Recife é o destino do busao da Guanabara. Rock e
sertanejo é a trilha sonora. Vez em quando ecoa um louvor. Historias de vida e
de morte quebram a monotonia da viagem. Crianças dormem. A canção de Pablo parece
um encosto: Saudade meu bebê... Em Marabá ela foi por uns 10 dias a alvorada.
Na madrugada o apito do trem da Vale sufocava o latido dos cães. O barulho dos
grilos. A sinfonia dos sapos. Os ruídos dos coitos. Menos o saque.
Araguaia-
Tocantins
E voltar pra casa todo fim de ano....cantando um
bolero de Waldick Soriano
Duas pontes ajudam a superar os rios Araguaia e Tocantins
na região do Bico do Papagaio no trajeto de Marabá a Imperatriz. Antes eram as
balsas que acudiam a travessia. O barato era consumir peixe frito nos
entrepostos no intervalo de tempo de espera das embarcações. Tudo improvisado.

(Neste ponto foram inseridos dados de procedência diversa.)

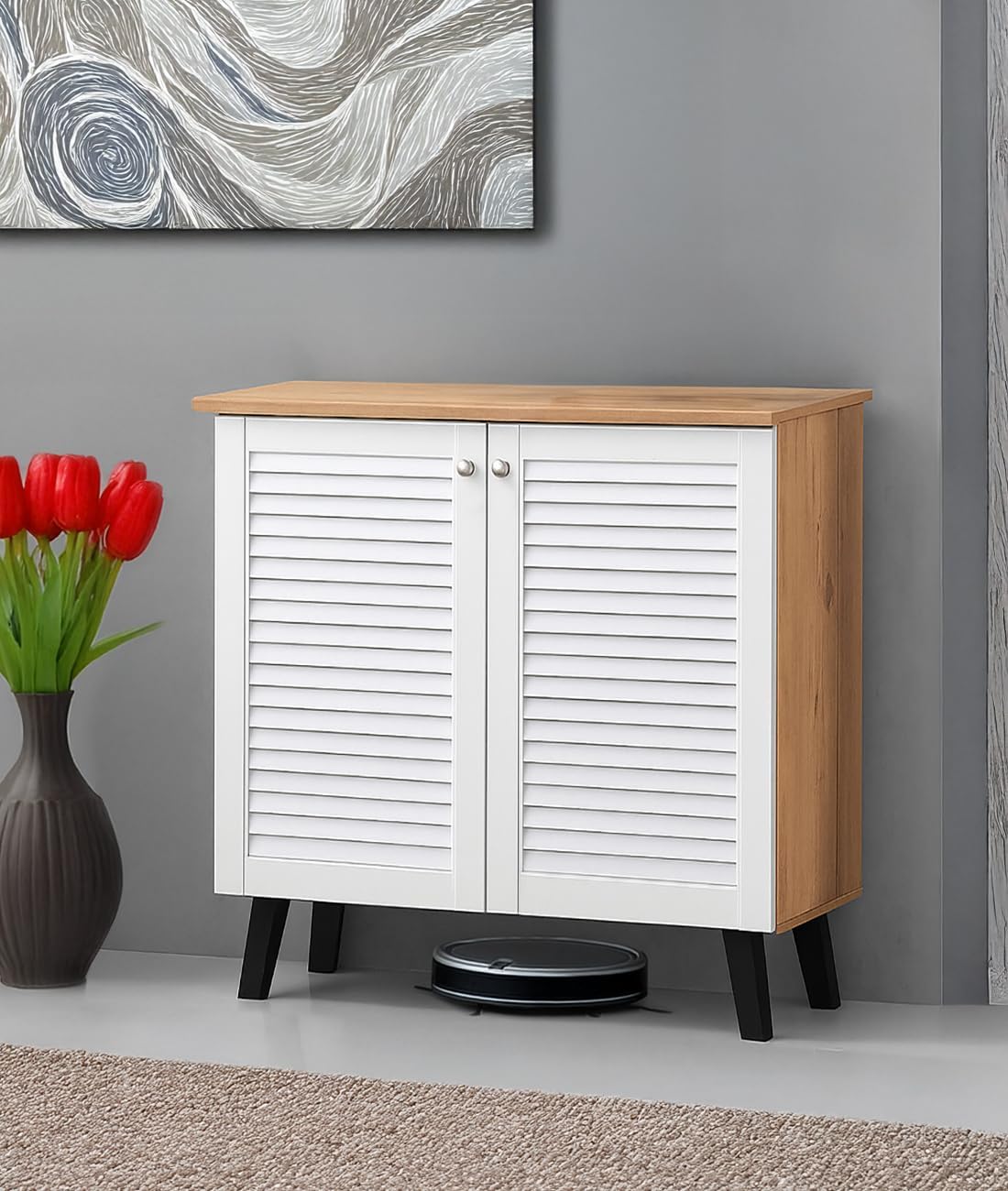 Mevigo Wooden Shoe Rack Cabinet for Entryway – Modern 2 Door 4-Tier Storage Organizer, Wooden Cupboard for Home, Space Saving Shoe Rack Wallnut Shoes Storage Cabinet -White-VB1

Latas de tintas forradas com barro serviam de fogareiro. Farinha de puba e
pimenta compunham o luxuoso acompanhamento. Ali nasceu o merchadising. Os
empreendedores da beira do rio não ocultavam a marca Suvinil.
Saque
no trecho
Lua. Oh lua cor de
prata. Me diga por favor, aonde anda aquela ingrata...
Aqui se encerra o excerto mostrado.